Application 17/980,371 is a continuation of application No. 17/352,217, filed on Jun. 18, 2021, granted, now 11,501,021.
Claims priority of provisional application 63/180,047, filed on Apr. 26, 2021.
Prior Publication US 2023/0050290 A1, Feb. 16, 2023
This patent is subject to a terminal disclaimer.
Int. Cl. G06F 16/00 (2019.01); G06F 16/22 (2019.01); G06F 16/28 (2019.01); G06F 21/62 (2013.01)

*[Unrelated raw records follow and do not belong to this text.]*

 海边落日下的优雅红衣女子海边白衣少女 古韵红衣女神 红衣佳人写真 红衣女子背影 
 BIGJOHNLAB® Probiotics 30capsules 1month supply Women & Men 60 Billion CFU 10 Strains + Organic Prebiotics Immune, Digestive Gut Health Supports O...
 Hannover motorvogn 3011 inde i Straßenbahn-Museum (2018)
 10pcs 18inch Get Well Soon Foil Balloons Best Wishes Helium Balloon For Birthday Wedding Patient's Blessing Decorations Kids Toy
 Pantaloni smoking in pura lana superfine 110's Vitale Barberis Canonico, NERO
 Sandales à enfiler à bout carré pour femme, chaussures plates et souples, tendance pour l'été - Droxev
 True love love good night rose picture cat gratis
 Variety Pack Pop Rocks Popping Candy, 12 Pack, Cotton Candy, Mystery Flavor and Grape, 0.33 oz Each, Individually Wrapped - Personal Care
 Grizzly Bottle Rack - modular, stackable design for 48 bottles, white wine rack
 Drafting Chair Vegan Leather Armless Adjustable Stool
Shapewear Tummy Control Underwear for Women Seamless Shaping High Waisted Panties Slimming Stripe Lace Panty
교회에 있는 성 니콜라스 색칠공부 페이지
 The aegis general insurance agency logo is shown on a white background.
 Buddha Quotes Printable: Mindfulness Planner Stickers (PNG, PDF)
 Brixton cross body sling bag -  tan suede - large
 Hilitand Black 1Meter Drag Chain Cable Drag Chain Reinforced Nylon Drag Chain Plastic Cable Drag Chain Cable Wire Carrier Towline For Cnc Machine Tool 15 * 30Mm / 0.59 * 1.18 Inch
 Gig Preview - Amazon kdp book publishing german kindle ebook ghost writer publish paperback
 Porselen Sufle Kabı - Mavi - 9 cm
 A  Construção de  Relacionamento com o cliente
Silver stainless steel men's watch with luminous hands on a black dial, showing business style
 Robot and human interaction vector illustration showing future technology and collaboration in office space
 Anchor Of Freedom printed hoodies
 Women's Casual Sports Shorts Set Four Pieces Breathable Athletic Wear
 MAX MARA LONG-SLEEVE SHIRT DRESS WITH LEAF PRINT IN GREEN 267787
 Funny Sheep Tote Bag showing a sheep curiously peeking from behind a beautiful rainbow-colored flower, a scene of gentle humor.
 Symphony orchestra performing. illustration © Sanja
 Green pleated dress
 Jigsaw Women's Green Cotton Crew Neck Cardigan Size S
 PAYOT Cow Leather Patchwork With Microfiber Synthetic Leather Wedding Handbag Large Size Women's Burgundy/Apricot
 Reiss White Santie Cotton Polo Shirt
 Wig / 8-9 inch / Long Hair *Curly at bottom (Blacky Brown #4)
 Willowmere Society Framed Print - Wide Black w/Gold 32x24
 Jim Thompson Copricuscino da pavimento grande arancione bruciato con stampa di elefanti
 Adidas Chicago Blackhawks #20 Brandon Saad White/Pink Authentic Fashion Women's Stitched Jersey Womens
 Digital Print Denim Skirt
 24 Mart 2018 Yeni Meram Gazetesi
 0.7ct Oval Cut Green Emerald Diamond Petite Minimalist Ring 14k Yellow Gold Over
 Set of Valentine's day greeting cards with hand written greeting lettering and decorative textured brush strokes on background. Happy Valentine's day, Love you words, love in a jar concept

CPC G06F 21/6254 (2013.01) [G06F 16/221 (2019.01); G06F 16/282 (2019.01); G06F 21/6227 (2013.01)]

27 Claims

1. A method comprising:

receiving data from a data source;

transforming the data, using structured query language (SQL), into integer data;

generating a plurality of generalizations of the integer data;

sending the plurality of generalizations of the integer data to a plurality of execution nodes, each node of the plurality of execution nodes operating on a set of data separable from a set of data on another execution node, wherein each of the plurality of execution nodes includes computational resources to compute a candidate generalization using an information loss scoring function, wherein computing the candidate generalization includes grouping the plurality of generalizations into a set of equivalence classes and pruning the set of equivalence classes;

receiving a set of candidate generalizations from the plurality of execution nodes, wherein a candidate generalization includes:

an equivalence class size approximation, wherein an equivalence class approximation is determined by computing an upper bound for an equivalence class size, based at least in part on a k-value, a number of records, a number of records in a set of equivalence classes with a size greater or equal to the k-value, a number of records in a set of equivalence classes with a size less than the k-value, and a maximum equivalence class size;

a suppression approximation comprising a number of suppressed records, the suppression approximation based at least in part on the number of records and the k-value; and

an information loss score;

selecting a preferred generalization from the set of candidate generalizations;

generating an anonymized view of the integer data using the preferred generalization; and

providing a view of the integer data in which a data subject is unidentifiable directly or indirectly.